U.S. GEOLOGICAL SURVEY

How to Construct Seven Paper Models that Describe Faulting of the Earth

fault picture

By Tau Rho Alpha* and John C. Lahr*

Open-file Report 90-257-A

This report is preliminary and has not been reviewed for conformity with U.S. Geological Survey editorial standards. Any use of trade, firm, or product names is for descriptive purposes only and does not imply endorsement by the U.S. Government.

Although this program has been used by the U.S. Geological Survey, no warranty, expressed or implied, is made by the USGS as to the accuracy and functioning of the program and related program material, nor shall the fact of distribution constitute any such warranty, and no responsibility is assumed by the USGS in connection therewith.

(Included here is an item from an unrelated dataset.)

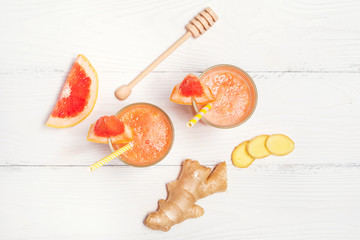 Grapefruit smoothie with honey and ginger on white wooden background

*U.S. Geological, Survey, Menlo Park, CA 94025

Description of Report

This report contains instructions and patterns for preparing seven three-dimensional paper models that schematically illustrate common earth faults and associated landforms. The faults described are: normal, reverse, right- and left-lateral strike-slip, and oblique-slip. There are also models and discussions of two fault-produced landforms, a graben and a horst.

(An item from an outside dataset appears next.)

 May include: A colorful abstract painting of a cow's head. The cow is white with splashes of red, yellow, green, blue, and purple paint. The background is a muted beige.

These models are intended to help students and others visualize the principal classes of faults and learn some of the terminology used by geologists to describe faults. By constructing and examining these models, students will obtain a greater appreciation of the relationship between fault displacements and the landforms that result.

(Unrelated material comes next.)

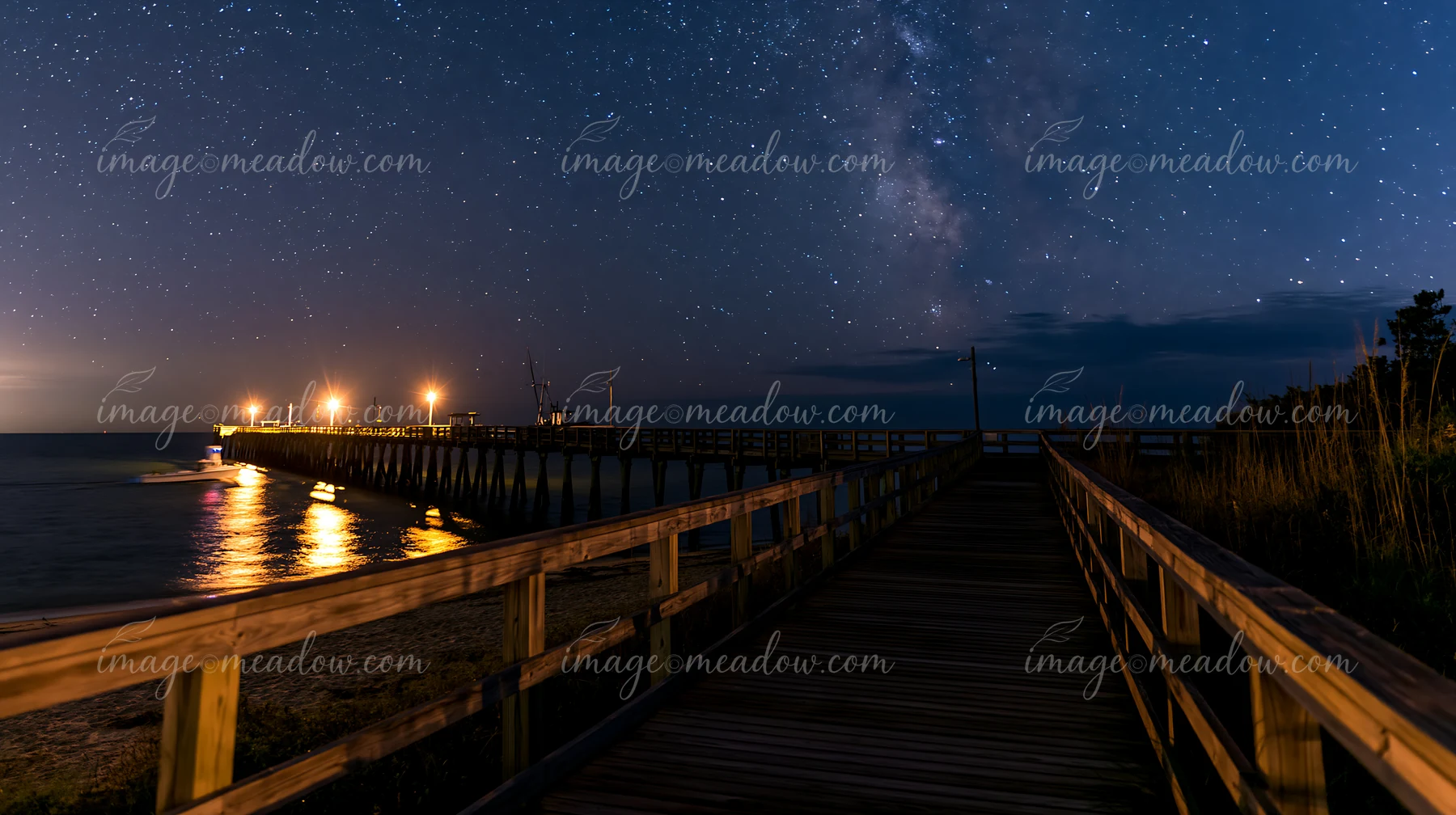 A bright starry night over a coastal boardwalk leads to a lit pier and ocean waves.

The date of this Open-File Report is 4/12/90 (version 1) . OF 90-257-A, paper copy; OF 90-257-B, 3.5-in. Macintosh diskette.

The date of version 2 of this Open-File Report is 2/7/92. OF 90-257-A, paper copy; OF 90-257-B, 3.5-in. Macintosh diskette.

Purchasers of the diskette version 2 of this report, which includes all of the text and graphics, can use HyperCard 2.0™ software (not supplied) to change the model (by adding geologic patterns, symbols, colors, etc.) or to transfer the model to other graphics software packages. Requirements for the diskette version 2 are: Apple Computer, Inc., HyperCard 2.0™ software, and an Apple Macintosh™ computer. If you are using System 7, we recommend using at least 3 MB of RAM with 1.5 MB of system memory available for HyperCard.

To see the entire page (card size: MacPaint), select "Scroll" from "Go" menu and move the hand pointer in the scroll window. If you are experiencing trouble with user-level buttons, select message from the "Go" menu. Type "magic" in the message box and press return. Three more user-level buttons should appear.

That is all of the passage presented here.